Instead of storing static access keys, each workflow assumes a role using its GitHub OIDC identity:
- name: Configure cloud credentials
uses: aws-actions/configure-aws-credentials@v4
with:
role-to-assume: arn:aws:iam::123456789:role/staging-test-role
aws-region: eu-west-1
The role trust policy restricts which repositories and branches can assume it. No static credentials in the repository. No key rotation burden. No shared secret copied across eight services.
The workflow identity becomes the credential boundary.
The Cross-Account Artifact Problem
The staging test runner lived in one cloud account. Production deployments happened elsewhere. The production workflow still needed to verify that staging tests had passed.
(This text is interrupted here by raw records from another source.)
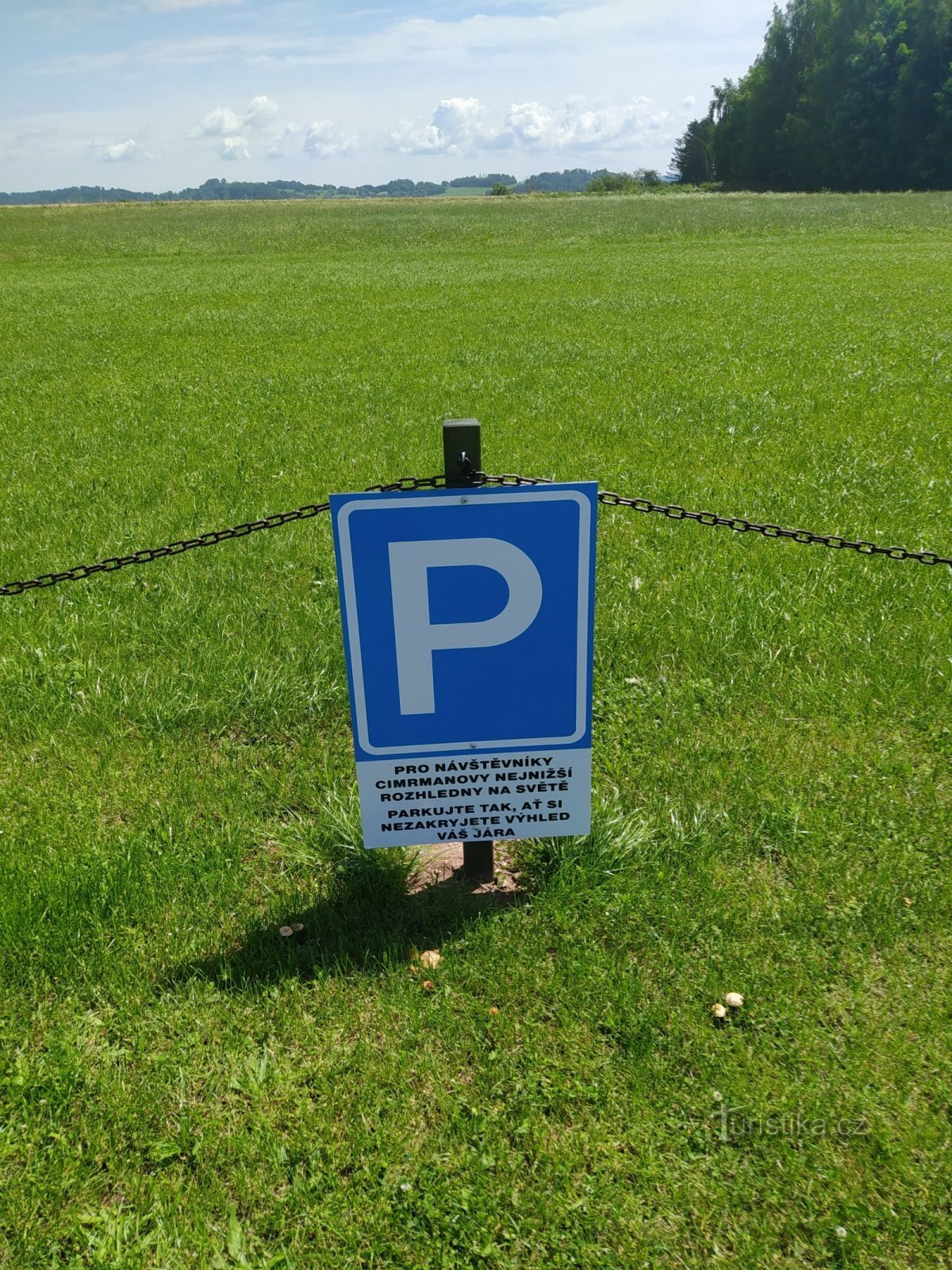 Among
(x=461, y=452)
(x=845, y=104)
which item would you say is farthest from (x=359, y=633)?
(x=845, y=104)

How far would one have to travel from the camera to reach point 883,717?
4.09 metres

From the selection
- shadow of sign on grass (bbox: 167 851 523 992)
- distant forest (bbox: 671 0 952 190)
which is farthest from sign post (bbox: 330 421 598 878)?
distant forest (bbox: 671 0 952 190)

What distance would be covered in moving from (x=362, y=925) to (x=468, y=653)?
41.8 inches

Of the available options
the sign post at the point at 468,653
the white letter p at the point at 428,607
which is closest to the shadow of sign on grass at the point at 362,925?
the sign post at the point at 468,653

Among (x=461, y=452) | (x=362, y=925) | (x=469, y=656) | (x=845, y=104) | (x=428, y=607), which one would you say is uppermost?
(x=845, y=104)

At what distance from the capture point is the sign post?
251cm

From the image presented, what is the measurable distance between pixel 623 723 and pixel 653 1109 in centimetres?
197

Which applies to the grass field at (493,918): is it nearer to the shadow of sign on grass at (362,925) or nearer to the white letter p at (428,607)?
the shadow of sign on grass at (362,925)

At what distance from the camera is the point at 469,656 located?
267cm

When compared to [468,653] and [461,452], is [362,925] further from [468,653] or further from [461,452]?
[461,452]

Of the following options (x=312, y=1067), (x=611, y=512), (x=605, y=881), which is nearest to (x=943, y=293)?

Direct cross-account object storage access would require extra trust relationships and more security surface area. Instead, I used GitHub Actions artifacts as the intermediary:
- The staging workflow runs tests and uploads the result as an artifact.
- The production workflow downloads that artifact using the staging run ID.
- Both workflows trust GitHub. Neither cloud account needs broad access to the other.
The artifact is the proof. The staging run ID is the correlation key.
Phase 4: Connecting It All
Once the pieces existed, the final phase was connecting them into one flow:
Deploy to staging
-> Trigger staging tests
-> Lock ensures exclusive execution
-> Results written to object storage
-> Pipeline polls for result
-> Tests pass?
-> YES: Create or reuse compliance record
-> Deploy to production
-> Run health probes
-> NO: Block, roll back staging, notify
The first full consumer was a deployment flow for a rules service. After that worked end to end, other services adopted the pattern over time. Each adoption became much smaller than the original build because the platform handled the hard parts.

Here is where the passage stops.